### ABOUT THIS TASK
Go through the records and show each line where the word "Gold" occurs.

---+---

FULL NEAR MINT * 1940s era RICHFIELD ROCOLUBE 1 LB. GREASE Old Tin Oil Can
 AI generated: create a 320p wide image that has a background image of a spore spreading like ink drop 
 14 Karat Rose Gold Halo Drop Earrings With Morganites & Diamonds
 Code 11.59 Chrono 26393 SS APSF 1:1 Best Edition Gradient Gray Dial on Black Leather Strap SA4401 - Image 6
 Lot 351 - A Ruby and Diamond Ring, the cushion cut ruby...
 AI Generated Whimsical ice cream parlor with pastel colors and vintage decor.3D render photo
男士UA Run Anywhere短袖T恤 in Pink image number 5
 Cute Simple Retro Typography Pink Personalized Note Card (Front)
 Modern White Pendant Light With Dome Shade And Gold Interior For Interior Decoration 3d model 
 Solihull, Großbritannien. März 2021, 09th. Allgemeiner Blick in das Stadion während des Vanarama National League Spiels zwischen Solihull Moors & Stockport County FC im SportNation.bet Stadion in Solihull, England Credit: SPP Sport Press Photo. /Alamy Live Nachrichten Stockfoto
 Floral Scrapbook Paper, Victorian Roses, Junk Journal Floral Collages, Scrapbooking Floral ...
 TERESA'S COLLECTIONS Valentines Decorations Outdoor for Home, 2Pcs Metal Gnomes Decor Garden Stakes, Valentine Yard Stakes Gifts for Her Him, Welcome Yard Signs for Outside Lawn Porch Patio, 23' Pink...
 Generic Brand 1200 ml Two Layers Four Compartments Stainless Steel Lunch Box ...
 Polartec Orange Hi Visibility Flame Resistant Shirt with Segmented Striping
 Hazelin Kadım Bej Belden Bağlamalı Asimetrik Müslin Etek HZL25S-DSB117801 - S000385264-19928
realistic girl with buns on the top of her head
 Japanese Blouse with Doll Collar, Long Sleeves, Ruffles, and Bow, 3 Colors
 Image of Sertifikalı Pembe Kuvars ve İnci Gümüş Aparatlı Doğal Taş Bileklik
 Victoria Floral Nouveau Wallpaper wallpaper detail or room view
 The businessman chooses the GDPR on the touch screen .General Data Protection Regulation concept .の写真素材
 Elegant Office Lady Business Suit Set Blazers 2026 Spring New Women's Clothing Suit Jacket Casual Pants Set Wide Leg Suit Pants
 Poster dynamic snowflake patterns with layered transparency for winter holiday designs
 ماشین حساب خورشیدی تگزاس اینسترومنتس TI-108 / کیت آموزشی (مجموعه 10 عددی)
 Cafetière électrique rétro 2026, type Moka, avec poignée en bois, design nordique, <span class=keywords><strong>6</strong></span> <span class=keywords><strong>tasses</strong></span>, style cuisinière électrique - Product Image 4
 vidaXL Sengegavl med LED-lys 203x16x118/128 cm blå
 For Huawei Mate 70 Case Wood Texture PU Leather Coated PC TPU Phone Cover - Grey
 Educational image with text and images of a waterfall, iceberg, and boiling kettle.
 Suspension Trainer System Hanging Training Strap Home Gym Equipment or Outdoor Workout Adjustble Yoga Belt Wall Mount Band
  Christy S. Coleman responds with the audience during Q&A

---+---

### THE COMPLETED TASK
 14 Karat Rose Gold Halo Drop Earrings With Morganites & Diamonds
 Modern White Pendant Light With Dome Shade And Gold Interior For Interior Decoration 3d model 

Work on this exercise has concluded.